El piso era espacioso. Según la manera usual de contar las estancias en la ciudad, tenía seis habitaciones: salón, comedor, cocina, dos dormitorios y un cuarto para la criada contiguo a la cocina. Los tres cuartos de baño no se incluían en el cómputo. Si bien era una vivienda bastante respetable para una señora viuda, no acababa de ser suficiente para la categoría de su familia. Charlie habría preferido que tuviera ocho habitaciones, con lo cual se podría disponer de otro dormitorio o una biblioteca y un cuarto más para el servicio. En los apartamentos de ocho piezas, las habitaciones solían ser además más espaciosas. Cuando se casaron, Charlie y Julie se instalaron en un piso de ocho habitaciones, aunque no en Park Avenue.
Claro que si hubiera buscado una ocupación en Wall Street, si se hubiera dedicado a ganar dinero como algunos de sus amigos, a aquellas alturas Charlie tendría posiblemente uno de aquellos espaciosos apartamentos en Park Avenue o en la Quinta, con diez habitaciones, o quince incluso. Eran enormes, como mansiones, con cuatro o cinco cuartos para el servicio.
Charlie tenía por aquel entonces un apartamento en la Setenta y Ocho con la Tercera, no lejos de la casa de su madre. Aquélla era una buena calle, donde los apartamentos tenían grandes salones semejantes a los estudios de los artistas, bastante idóneos para un hombre soltero. Él no disponía de portero, sin embargo, y la gente bien tenía que tener un portero.
Rose tenía buena mano con los niños. A Gorham le enseñaba fotografías de su abuelo y su bisabuelo, cosa que le encantaba. También había fotos de la casa de Newport, vestigios destinados a recordar al pequeño sus verdaderos orígenes.
A mediodía, salieron y fueron en taxi al hotel Plaza. En el Palm Court los condujeron hasta una mesa. Se notaba que Gorham estaba impresionado con el restaurante Palm Court.
—A veces voy andando hasta el Carlyle —dijo Rose—, pero me gusta venir aquí. Es agradable estar cerca del parque.
Ella eligió una ensalada mientras que su nieto, después de comerse juiciosamente el pescado, se relamió con un postre a base de chocolate. Estuvieron hablando de la escuela adonde había comenzado a asistir.
—Cuando seas mayor —pronosticó Rose—, irás a Groton.
Julie no había puesto ningún impedimento al respecto. Todos estaban de acuerdo.
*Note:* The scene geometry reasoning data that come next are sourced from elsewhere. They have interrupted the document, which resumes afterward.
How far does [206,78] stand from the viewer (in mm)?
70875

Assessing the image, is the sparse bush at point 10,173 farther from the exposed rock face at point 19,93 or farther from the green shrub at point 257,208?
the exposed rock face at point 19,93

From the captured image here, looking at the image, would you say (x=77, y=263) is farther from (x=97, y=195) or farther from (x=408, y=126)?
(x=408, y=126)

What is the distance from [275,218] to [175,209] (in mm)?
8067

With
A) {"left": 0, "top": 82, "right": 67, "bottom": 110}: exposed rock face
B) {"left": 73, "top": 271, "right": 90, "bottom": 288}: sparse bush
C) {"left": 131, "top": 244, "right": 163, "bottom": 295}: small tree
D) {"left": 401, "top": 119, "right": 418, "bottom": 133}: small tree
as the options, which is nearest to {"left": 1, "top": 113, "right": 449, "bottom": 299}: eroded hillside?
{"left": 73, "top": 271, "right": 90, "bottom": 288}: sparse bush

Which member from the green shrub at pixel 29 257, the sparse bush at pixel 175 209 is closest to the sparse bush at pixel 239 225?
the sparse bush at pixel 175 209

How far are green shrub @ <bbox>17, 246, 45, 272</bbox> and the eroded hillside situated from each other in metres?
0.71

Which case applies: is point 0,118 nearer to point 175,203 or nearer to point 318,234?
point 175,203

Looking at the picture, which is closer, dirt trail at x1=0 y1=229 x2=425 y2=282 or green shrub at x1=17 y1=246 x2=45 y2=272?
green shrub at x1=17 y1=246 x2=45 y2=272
Para ser exactos, según precisó Charlie, eran su madre y su ex esposa quienes se habían puesto de acuerdo. Él sólo tenía que pagar las facturas. A él le habría gustado que Gorham fuera a uno de aquellos colegios de la ciudad y no a un internado, pero aquello no resultaba fácil residiendo en Staten Island y la posibilidad de que fuera a vivir con él, o con su abuela, en el supuesto de que siguiera viva para entonces, parecía difícil.
—¿Tú fuiste a Groton, papá? —preguntó el niño.
—No —contestó Rose—, aunque probablemente hubiera valido más que fuera.
Se trataba de un centro muy bueno, desde luego. Aquel internado de Massachusetts, que seguía el modelo del Cheltenham College de Inglaterra, tenía como lema en latín «Servir a Dios y gobernar», tal como tradujo Charlie. Se trataba de un cristianismo disciplinario, episcopal, por supuesto. Impartían una buena educación impregnada de sensatez, alejada del intelectualismo, con mucho deporte y duchas frías. Al igual que los dirigentes del Imperio británico, los propietarios de las grandes fortunas de América no debían caer en la molicie.